*Extracted data*.
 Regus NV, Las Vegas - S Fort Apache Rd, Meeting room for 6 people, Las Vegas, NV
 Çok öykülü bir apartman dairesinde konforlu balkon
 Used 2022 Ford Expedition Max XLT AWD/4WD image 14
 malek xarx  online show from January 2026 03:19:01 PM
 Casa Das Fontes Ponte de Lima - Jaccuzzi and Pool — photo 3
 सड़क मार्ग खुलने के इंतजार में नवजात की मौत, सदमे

...

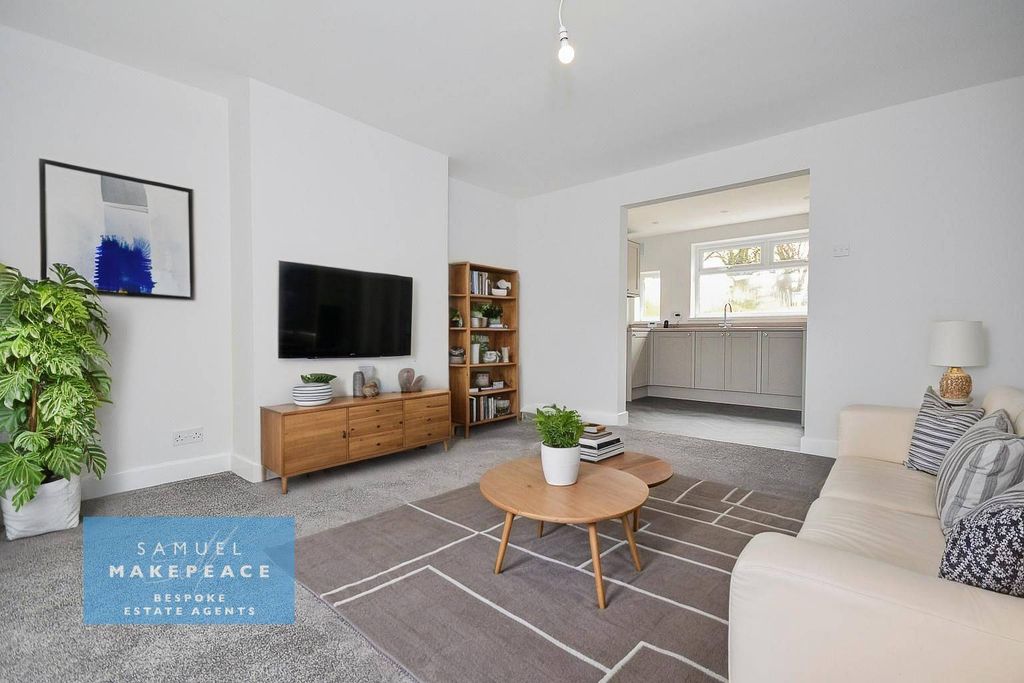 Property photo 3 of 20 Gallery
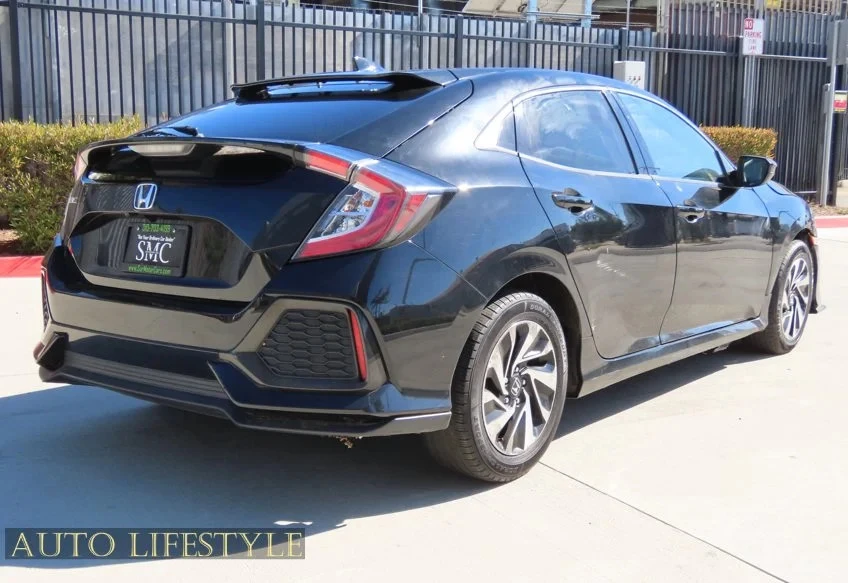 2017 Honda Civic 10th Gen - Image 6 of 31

* * *

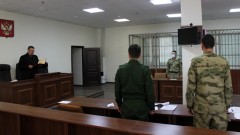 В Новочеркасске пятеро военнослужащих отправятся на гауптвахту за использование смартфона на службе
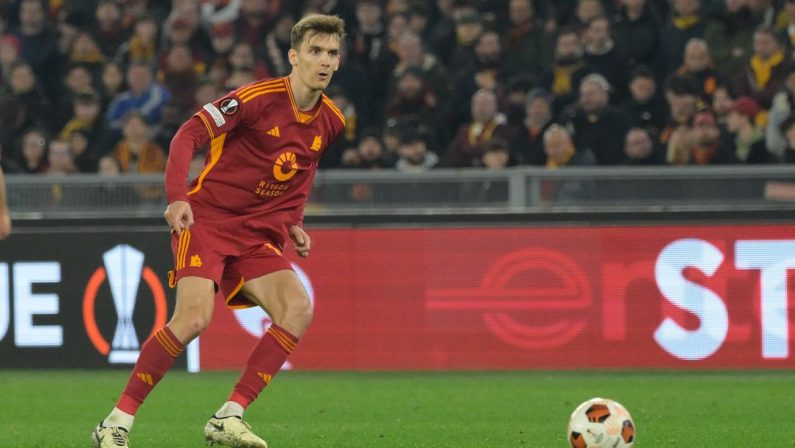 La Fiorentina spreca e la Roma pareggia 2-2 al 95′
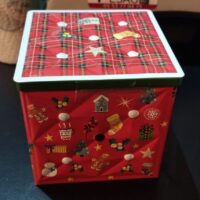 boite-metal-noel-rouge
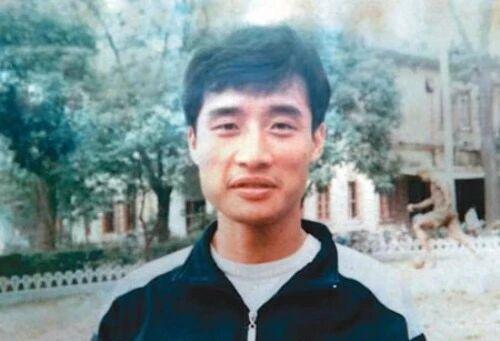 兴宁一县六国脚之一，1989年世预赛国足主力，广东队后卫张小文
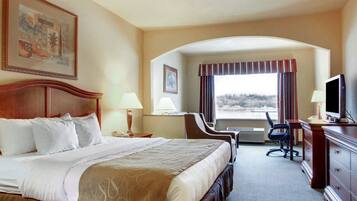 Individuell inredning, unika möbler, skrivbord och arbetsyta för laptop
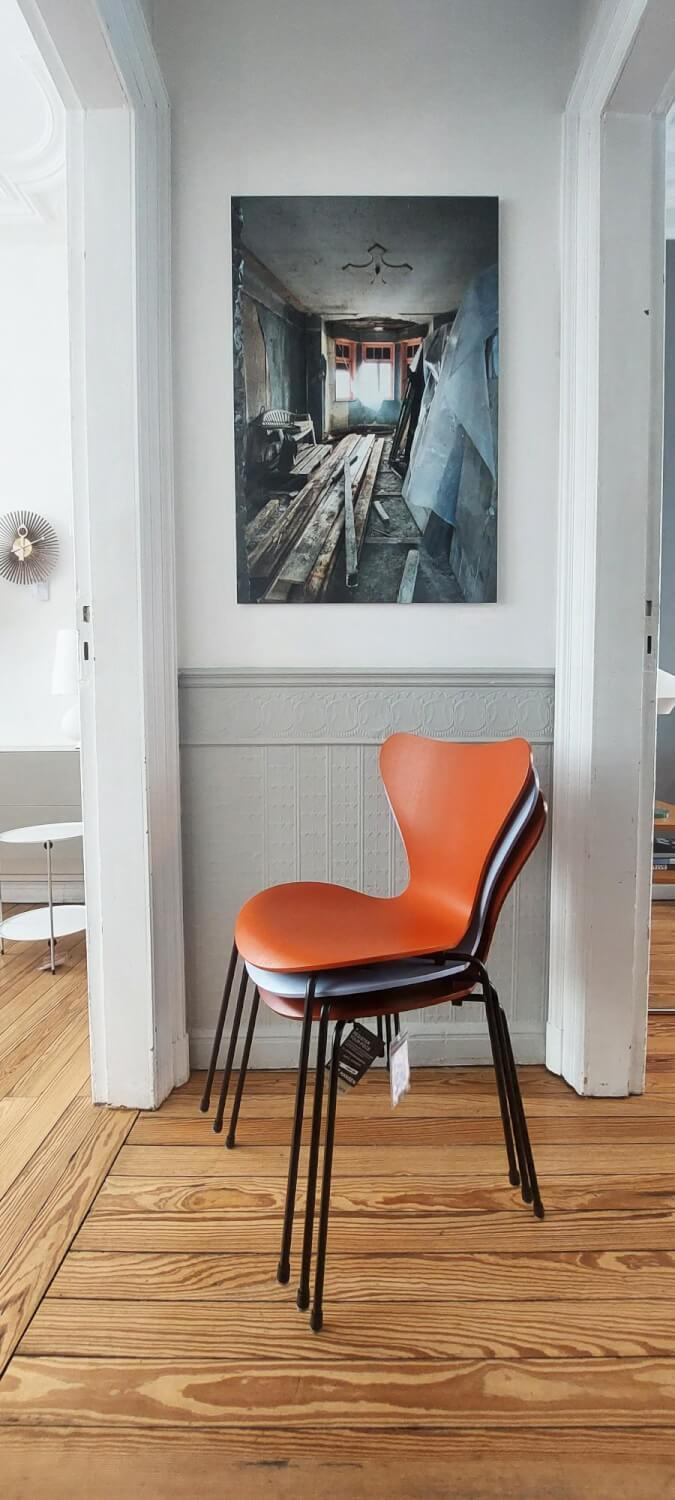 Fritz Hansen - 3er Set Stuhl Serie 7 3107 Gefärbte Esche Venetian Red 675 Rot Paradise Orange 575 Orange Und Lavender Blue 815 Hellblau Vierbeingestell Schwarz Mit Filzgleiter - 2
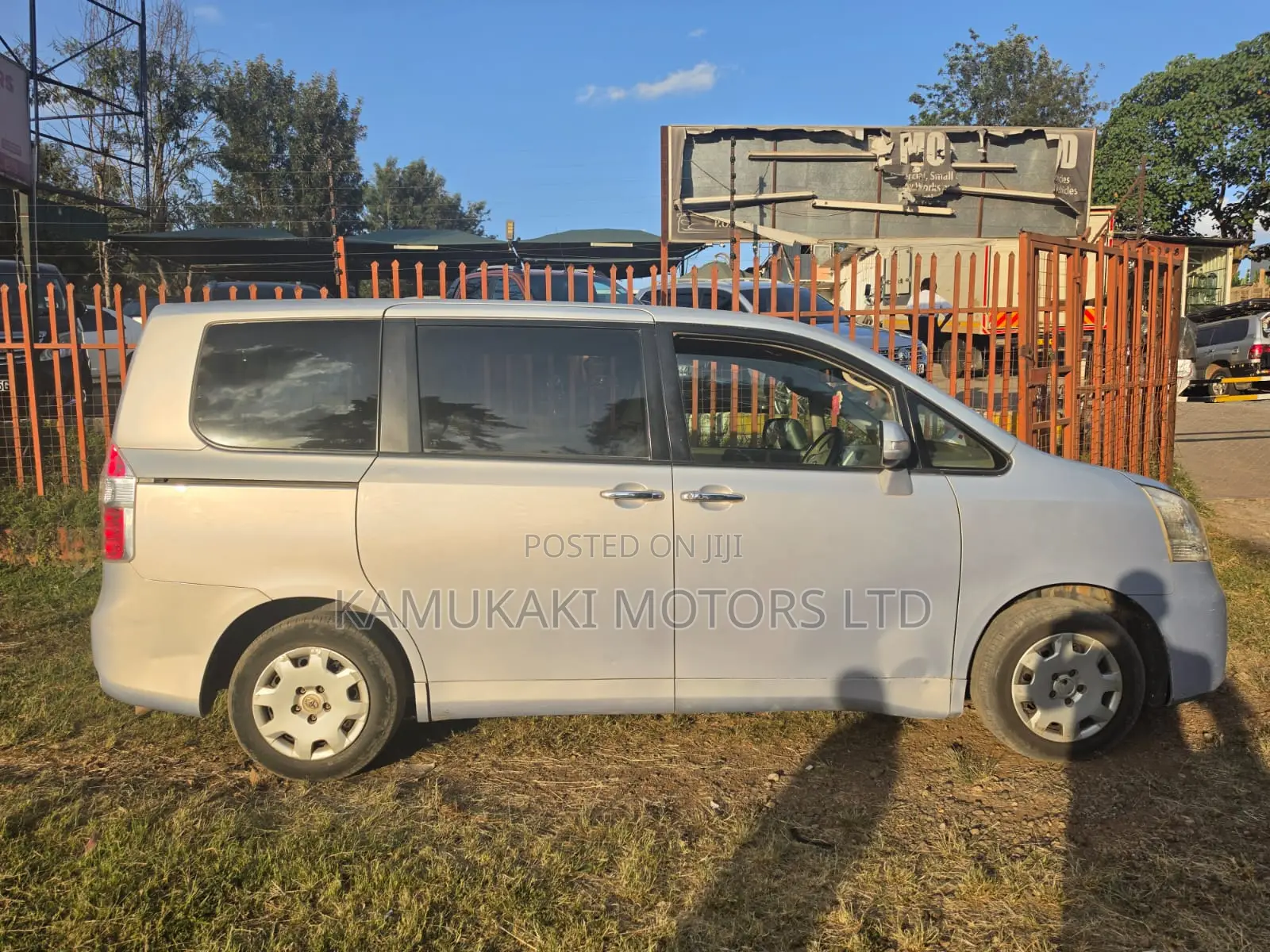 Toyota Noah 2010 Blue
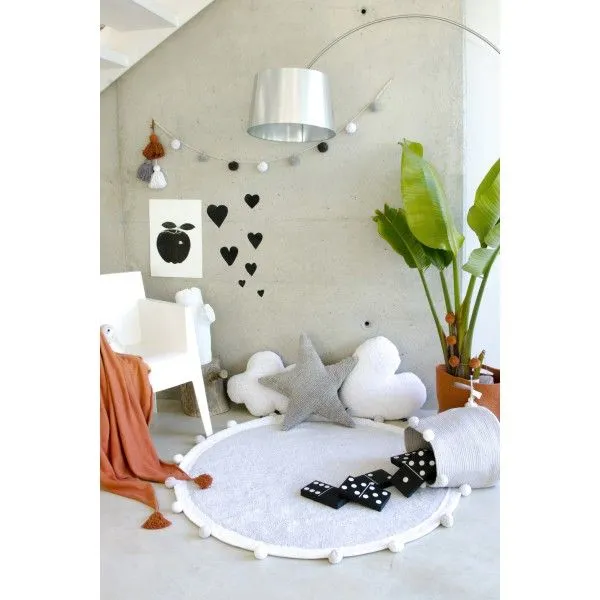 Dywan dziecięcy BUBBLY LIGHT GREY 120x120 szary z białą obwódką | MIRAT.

*Your instructions*. Please print the lines above word for word, starting at the one with "Fritz Hansen - 3er" and ending at the one with "Dywan dziecięcy BUBBLY", both included, and without any picture.

*Answer to this task*.
 Fritz Hansen - 3er Set Stuhl Serie 7 3107 Gefärbte Esche Venetian Red 675 Rot Paradise Orange 575 Orange Und Lavender Blue 815 Hellblau Vierbeingestell Schwarz Mit Filzgleiter - 2
 Toyota Noah 2010 Blue
 Dywan dziecięcy BUBBLY LIGHT GREY 120x120 szary z białą obwódką | MIRAT.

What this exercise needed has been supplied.